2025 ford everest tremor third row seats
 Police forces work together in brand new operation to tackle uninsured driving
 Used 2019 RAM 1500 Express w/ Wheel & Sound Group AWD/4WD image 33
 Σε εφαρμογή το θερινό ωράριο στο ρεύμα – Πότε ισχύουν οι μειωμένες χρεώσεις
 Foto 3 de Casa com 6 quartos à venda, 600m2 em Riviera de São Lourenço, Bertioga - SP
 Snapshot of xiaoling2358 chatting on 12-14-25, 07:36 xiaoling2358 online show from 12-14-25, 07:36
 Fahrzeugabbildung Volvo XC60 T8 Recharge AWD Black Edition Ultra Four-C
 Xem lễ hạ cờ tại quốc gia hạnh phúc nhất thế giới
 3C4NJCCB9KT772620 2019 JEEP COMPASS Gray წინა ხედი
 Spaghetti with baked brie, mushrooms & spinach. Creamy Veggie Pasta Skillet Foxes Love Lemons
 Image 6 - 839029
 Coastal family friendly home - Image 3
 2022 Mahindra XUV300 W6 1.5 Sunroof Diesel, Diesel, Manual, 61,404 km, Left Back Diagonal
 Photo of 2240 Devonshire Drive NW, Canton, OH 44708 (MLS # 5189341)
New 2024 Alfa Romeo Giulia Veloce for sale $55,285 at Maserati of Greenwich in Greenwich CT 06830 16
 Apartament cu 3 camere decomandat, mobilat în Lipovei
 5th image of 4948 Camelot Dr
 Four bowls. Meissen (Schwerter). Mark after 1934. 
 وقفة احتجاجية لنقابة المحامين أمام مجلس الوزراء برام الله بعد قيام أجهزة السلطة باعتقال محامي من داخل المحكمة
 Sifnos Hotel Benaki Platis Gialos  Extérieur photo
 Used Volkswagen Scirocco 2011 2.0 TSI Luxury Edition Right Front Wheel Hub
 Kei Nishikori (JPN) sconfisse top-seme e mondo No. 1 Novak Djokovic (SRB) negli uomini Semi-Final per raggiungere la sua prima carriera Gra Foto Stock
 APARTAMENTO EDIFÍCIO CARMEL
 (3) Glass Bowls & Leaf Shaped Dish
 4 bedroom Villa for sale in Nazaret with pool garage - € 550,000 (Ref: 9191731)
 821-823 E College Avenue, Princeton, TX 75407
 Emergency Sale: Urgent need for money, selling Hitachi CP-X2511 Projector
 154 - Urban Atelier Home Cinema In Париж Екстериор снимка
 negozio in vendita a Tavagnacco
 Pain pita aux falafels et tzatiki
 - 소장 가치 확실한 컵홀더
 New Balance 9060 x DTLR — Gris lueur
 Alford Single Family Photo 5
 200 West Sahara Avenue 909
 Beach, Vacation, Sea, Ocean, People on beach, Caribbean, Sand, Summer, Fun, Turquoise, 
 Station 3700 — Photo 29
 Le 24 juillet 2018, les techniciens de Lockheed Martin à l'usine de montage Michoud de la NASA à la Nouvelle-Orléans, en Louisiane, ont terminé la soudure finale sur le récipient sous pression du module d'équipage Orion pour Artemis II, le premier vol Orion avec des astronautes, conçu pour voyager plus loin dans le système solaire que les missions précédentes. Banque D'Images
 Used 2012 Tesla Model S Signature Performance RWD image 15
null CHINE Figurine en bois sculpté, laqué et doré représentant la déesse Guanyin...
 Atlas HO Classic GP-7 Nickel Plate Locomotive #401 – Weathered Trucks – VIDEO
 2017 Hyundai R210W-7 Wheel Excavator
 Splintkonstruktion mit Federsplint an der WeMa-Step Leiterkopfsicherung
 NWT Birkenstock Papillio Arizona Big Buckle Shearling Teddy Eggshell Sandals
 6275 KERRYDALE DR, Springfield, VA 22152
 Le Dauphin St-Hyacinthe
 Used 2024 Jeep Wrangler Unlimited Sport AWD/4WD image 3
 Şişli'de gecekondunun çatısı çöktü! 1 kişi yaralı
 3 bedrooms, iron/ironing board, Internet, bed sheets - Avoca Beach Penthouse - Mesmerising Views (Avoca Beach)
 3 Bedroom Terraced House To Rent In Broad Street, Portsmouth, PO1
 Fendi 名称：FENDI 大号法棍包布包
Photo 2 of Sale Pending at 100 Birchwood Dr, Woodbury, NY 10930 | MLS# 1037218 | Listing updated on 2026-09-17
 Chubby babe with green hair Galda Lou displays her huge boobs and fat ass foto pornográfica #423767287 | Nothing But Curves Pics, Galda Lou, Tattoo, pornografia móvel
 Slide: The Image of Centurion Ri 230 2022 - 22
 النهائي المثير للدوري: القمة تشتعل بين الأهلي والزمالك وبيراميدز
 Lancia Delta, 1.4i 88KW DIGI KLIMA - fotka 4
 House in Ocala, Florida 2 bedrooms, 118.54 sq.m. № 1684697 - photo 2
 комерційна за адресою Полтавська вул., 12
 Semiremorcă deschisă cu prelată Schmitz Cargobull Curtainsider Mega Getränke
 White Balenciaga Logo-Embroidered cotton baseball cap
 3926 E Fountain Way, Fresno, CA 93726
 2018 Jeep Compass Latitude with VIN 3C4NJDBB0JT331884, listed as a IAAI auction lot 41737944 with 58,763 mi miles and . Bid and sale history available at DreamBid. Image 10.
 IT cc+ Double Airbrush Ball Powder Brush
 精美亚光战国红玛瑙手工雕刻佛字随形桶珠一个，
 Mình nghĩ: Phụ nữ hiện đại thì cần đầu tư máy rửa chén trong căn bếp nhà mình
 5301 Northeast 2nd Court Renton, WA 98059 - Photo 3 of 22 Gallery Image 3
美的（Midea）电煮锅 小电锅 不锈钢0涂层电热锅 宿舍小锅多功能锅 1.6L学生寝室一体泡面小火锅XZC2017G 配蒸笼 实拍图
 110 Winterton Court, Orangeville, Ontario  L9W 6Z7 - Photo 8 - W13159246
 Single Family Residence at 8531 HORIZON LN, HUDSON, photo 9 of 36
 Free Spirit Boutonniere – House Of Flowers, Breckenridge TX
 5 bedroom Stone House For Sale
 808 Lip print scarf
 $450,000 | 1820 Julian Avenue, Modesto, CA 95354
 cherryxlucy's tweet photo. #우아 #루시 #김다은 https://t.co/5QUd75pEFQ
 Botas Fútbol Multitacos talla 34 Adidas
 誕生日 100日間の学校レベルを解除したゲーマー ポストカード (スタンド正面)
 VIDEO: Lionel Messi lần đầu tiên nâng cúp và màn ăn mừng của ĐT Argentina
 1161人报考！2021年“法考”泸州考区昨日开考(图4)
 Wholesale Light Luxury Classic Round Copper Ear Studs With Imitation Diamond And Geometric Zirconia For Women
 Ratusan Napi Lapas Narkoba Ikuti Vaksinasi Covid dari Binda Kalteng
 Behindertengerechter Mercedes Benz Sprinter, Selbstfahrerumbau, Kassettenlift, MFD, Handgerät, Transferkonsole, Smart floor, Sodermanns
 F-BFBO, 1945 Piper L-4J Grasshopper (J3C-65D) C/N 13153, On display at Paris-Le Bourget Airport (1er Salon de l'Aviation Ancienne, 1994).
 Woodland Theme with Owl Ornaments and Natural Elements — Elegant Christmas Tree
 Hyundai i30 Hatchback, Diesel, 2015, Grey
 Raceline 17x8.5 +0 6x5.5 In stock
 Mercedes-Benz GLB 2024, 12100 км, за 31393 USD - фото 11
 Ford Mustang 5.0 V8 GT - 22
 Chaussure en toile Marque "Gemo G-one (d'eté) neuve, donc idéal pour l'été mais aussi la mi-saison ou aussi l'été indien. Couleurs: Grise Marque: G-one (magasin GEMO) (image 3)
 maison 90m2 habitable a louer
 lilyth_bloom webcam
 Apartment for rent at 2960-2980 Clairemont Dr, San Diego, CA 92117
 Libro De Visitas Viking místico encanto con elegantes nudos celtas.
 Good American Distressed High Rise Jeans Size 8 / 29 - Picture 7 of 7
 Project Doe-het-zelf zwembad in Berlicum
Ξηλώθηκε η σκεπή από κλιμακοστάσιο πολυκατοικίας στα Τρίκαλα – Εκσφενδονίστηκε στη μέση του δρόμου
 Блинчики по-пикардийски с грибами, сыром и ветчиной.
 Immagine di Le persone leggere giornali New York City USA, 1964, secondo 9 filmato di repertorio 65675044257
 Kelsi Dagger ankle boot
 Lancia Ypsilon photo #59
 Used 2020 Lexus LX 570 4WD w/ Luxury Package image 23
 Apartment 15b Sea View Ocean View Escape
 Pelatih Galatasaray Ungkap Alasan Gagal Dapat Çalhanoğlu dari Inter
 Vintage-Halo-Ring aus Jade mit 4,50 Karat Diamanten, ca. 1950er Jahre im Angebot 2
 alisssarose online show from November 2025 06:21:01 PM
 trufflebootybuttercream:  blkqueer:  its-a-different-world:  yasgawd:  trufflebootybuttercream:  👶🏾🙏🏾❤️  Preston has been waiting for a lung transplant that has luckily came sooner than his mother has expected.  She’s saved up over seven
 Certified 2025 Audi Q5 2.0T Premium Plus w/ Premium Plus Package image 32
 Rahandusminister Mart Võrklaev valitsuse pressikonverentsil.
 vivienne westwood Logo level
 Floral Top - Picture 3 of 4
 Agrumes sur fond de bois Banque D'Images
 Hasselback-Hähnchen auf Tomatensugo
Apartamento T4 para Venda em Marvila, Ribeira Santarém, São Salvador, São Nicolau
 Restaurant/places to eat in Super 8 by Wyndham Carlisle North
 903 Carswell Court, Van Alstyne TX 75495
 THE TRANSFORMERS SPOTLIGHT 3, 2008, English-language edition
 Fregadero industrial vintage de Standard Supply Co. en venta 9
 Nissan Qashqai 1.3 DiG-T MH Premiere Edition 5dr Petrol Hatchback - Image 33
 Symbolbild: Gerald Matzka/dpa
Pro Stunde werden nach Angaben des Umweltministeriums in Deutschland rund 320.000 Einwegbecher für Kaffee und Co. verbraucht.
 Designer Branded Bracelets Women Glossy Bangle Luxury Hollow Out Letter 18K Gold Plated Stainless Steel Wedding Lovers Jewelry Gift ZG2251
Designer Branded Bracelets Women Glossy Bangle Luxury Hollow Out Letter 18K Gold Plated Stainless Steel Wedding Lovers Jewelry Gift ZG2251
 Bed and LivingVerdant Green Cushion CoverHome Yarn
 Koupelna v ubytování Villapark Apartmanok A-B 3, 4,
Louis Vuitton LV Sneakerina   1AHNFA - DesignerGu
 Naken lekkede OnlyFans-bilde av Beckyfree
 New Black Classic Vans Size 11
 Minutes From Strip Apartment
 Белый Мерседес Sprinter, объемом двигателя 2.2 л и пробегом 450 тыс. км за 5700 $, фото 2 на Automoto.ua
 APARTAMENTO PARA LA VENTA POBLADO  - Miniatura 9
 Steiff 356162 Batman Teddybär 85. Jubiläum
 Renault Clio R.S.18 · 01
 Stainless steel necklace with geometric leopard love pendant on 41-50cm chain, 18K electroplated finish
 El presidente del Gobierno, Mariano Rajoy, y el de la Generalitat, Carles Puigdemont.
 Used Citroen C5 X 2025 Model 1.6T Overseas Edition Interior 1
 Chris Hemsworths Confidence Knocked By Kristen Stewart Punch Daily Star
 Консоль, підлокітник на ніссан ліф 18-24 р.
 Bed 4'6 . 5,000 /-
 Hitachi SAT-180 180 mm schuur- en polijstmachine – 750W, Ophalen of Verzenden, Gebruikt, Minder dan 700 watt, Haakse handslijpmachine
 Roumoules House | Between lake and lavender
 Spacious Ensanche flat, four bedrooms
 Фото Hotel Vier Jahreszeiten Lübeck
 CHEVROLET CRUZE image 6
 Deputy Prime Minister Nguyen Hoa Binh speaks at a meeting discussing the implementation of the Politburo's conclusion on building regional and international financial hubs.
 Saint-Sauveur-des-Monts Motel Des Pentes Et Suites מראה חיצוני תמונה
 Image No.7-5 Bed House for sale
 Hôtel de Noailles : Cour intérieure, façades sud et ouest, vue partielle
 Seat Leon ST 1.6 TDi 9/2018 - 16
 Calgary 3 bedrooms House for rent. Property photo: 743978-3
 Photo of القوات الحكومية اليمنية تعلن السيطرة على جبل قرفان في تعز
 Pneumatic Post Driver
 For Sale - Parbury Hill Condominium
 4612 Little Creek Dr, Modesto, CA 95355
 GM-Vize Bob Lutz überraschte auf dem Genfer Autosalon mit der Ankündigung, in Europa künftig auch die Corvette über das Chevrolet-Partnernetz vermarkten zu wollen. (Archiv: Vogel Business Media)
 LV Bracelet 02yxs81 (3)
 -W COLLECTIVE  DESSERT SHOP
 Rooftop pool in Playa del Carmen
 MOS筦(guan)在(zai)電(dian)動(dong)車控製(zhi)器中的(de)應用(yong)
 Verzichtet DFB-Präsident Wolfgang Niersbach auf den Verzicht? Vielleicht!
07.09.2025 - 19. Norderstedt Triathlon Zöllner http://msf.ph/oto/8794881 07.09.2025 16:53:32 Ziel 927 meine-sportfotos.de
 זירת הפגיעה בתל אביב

################

## WORK REQUIRED
Output exactly the lines of the material above from the one containing "Chris Hemsworths Confidence" up to and including the one containing "CHEVROLET CRUZE image 6".

## SOLUTION TO THIS TASK
 Chris Hemsworths Confidence Knocked By Kristen Stewart Punch Daily Star
 Консоль, підлокітник на ніссан ліф 18-24 р.
 Bed 4'6 . 5,000 /-
 Hitachi SAT-180 180 mm schuur- en polijstmachine – 750W, Ophalen of Verzenden, Gebruikt, Minder dan 700 watt, Haakse handslijpmachine
 Roumoules House | Between lake and lavender
 Spacious Ensanche flat, four bedrooms
 Фото Hotel Vier Jahreszeiten Lübeck
 CHEVROLET CRUZE image 6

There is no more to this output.